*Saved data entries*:
┌────────
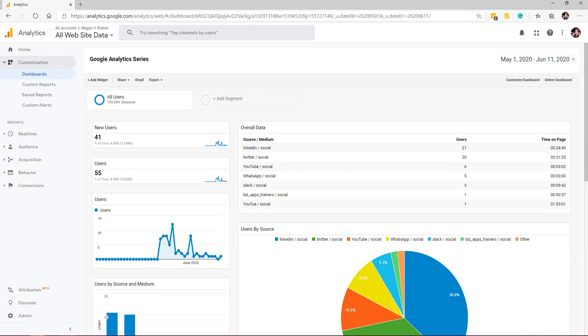With our custom reports and the dashboards that we've been creating, we can set them up and we can see the information that's valuable and of interest to us, and that's great. What if you've got other people that you want them to know what's going on? You don't necessarily want them to have access to Google Analytics.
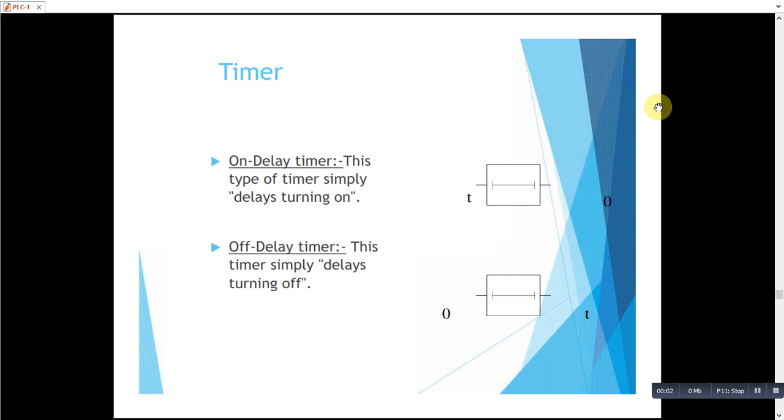Hello guys, now we are going to discuss timers in the PLC logic. We have various kinds of timer, but we will discuss here the most frequently used timers.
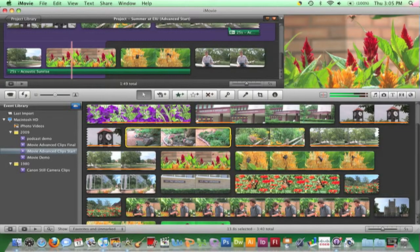Now that stabilization is finished, note how long the process took. The length of the clip was 13 seconds, and it took approximately 2 minutes to analyze.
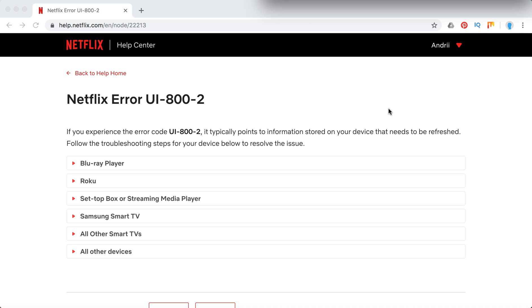Hello everyone, welcome to MrHack.io. So what to do if you encounter this error on Netflix, UI 802.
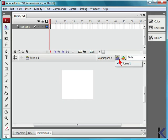You can view scenes if you have multiple scenes for your document, as well as view symbols associated with your document.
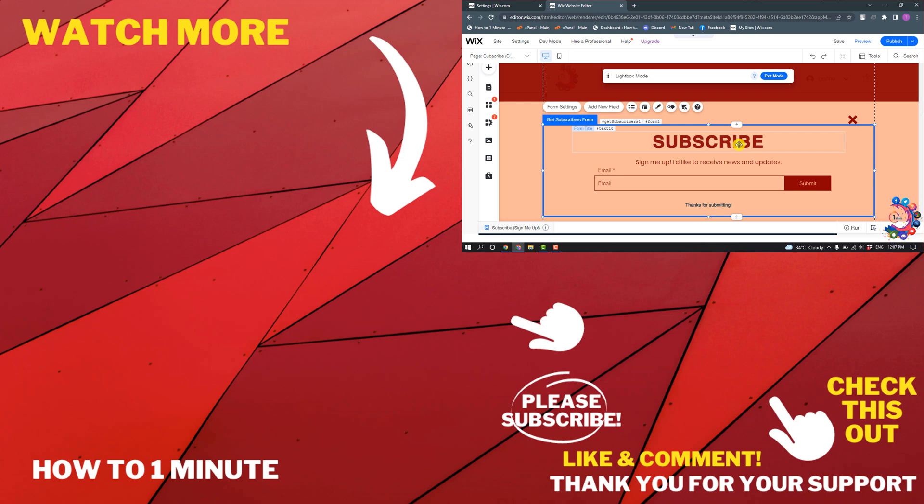If you have any questions, feel free to post in the description. If you want to see more WordPress videos, please check the links in the description. If this video helped you, give a thumbs up and please consider subscribing to How To One Minute. Thank you for watching.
└────────
*What the exercise asks*:
Could the data above be copied out exactly, with no pictures kept?

*Solution to this problem*:
With our custom reports and the dashboards that we've been creating, we can set them up and we can see the information that's valuable and of interest to us, and that's great. What if you've got other people that you want them to know what's going on? You don't necessarily want them to have access to Google Analytics.
Hello guys, now we are going to discuss timers in the PLC logic. We have various kinds of timer, but we will discuss here the most frequently used timers.
Now that stabilization is finished, note how long the process took. The length of the clip was 13 seconds, and it took approximately 2 minutes to analyze.
Hello everyone, welcome to MrHack.io. So what to do if you encounter this error on Netflix, UI 802.
You can view scenes if you have multiple scenes for your document, as well as view symbols associated with your document.
If you have any questions, feel free to post in the description. If you want to see more WordPress videos, please check the links in the description. If this video helped you, give a thumbs up and please consider subscribing to How To One Minute. Thank you for watching.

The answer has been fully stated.